In the days just before and after Dr. Martin Luther King Jr.'s 80th birthday, I had the opportunity to visit two places that are integral to his modern day legacy: Washington, DC and the Lower Ninth Ward of New Orleans.  As I witnessed the inauguration of Barack Obama as the nation's 44th president, I thought of Dr. King's admonition, in his 1963 I Have a Dream Speech, that "we cannot be satisfied as long as a Negro in Mississippi cannot vote and a Negro in New York believes he has nothing for which to vote." Despite some continuing problems at the ballot box, this was an election about which Dr. King could be truly satisfied; African Americans turned out in record numbers to elect the nation's first African-American president.

In the same speech, Dr. King reminded the nation that "when the architects of our republic wrote the magnificent words of the Constitution and the Declaration of Independence, they were signing a promissory note to which every American was to fall heir.

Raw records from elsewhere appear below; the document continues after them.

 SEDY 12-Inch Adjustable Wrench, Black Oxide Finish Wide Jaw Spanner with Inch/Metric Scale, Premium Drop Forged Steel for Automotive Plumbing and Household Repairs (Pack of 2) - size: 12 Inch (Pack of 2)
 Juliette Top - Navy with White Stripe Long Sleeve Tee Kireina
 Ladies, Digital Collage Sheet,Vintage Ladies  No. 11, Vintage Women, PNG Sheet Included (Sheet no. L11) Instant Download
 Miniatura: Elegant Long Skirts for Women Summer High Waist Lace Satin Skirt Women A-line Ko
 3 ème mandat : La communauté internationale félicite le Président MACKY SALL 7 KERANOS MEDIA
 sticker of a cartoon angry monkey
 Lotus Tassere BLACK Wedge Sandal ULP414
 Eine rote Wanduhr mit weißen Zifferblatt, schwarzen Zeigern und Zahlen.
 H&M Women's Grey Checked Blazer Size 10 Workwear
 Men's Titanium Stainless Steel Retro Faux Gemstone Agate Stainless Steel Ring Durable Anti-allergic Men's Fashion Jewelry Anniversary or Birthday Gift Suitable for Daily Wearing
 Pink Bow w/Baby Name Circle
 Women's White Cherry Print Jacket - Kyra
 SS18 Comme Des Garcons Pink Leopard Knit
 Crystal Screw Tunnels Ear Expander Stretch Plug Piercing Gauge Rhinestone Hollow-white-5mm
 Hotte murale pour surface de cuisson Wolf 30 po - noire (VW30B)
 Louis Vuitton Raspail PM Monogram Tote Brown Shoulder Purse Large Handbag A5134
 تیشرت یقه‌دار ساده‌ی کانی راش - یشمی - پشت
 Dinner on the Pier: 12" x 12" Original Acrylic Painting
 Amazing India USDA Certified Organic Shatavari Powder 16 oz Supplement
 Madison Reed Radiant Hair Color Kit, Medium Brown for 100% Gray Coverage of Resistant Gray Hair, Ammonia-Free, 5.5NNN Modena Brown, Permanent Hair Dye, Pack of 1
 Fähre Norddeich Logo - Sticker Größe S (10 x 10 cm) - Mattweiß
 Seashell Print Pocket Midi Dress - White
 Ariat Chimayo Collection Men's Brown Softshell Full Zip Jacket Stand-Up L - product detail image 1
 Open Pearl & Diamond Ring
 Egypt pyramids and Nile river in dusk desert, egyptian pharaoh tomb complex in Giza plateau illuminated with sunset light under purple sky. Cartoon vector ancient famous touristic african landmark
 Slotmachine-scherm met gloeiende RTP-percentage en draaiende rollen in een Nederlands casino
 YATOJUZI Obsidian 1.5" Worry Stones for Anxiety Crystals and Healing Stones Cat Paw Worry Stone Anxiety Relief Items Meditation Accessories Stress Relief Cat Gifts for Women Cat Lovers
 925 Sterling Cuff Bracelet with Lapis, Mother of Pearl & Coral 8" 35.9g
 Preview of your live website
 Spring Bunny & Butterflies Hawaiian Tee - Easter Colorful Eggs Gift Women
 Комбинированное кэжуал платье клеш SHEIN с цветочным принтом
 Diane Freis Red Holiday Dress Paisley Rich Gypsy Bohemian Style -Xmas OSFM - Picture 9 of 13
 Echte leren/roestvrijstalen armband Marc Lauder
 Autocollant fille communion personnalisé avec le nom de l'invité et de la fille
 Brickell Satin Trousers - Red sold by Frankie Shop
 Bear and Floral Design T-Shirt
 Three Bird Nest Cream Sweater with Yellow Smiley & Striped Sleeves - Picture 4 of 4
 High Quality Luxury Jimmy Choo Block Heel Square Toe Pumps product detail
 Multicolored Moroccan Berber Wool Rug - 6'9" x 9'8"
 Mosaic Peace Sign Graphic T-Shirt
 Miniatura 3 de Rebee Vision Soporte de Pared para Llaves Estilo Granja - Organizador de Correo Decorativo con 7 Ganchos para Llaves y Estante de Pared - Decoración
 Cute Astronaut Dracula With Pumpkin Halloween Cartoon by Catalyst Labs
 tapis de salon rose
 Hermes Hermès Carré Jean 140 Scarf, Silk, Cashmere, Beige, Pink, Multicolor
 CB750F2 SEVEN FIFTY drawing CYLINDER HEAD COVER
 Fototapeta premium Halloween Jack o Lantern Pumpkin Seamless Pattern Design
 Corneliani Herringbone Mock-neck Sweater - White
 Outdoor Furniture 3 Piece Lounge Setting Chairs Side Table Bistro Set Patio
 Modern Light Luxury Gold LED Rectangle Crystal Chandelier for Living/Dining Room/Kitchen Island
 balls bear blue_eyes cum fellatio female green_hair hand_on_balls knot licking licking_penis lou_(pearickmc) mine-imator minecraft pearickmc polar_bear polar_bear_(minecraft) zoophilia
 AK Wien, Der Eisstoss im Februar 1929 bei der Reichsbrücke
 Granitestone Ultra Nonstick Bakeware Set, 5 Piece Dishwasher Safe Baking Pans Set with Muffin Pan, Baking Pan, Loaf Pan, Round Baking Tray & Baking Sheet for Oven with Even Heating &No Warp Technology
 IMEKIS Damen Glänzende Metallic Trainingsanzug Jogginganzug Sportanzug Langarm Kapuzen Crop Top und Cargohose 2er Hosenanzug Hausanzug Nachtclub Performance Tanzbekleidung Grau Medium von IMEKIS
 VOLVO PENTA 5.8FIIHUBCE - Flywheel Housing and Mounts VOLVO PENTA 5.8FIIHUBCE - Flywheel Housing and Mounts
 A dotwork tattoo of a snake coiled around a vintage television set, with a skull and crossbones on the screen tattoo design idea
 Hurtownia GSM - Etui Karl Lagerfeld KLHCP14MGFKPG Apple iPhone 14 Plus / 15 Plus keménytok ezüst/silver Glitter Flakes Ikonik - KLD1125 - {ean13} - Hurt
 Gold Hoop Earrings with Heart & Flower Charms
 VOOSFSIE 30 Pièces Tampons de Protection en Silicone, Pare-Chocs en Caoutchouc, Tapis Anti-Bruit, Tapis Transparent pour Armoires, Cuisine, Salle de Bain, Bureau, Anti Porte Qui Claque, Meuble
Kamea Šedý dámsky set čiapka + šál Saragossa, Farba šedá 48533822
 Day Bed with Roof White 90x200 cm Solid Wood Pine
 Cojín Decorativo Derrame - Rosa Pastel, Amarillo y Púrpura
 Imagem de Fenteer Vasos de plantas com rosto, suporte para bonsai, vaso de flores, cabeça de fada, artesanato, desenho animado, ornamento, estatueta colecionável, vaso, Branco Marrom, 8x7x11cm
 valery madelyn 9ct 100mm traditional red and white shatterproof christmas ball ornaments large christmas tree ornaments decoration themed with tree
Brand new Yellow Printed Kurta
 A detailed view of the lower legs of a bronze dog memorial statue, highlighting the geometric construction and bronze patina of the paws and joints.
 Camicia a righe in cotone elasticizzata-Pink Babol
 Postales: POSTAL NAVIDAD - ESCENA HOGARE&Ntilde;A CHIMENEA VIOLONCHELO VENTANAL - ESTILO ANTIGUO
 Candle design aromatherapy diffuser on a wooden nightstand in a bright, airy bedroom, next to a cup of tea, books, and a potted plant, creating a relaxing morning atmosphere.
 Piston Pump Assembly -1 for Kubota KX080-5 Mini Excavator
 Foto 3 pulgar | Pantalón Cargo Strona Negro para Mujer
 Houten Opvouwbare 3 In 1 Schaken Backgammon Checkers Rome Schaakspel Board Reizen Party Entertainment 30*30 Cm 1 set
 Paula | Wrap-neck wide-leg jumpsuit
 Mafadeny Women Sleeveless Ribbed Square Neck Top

This note was a promise that all men, yes, black men as well as white men, would be guaranteed the `unalienable Rights' of `Life, Liberty and the pursuit of Happiness.'"

For anyone who's visited the Gulf Coast recently, it is obvious that America has defaulted on this promissory note, insofar as the people of the Lower Ninth Ward--overwhelmingly poor and African-American--are concerned.  The world witnessed in 2005 how our government left the region's people to drown in their homes and suffer unspeakable conditions in the New Orleans Convention Center and Superdome.  More than three years later, that abandonment continues.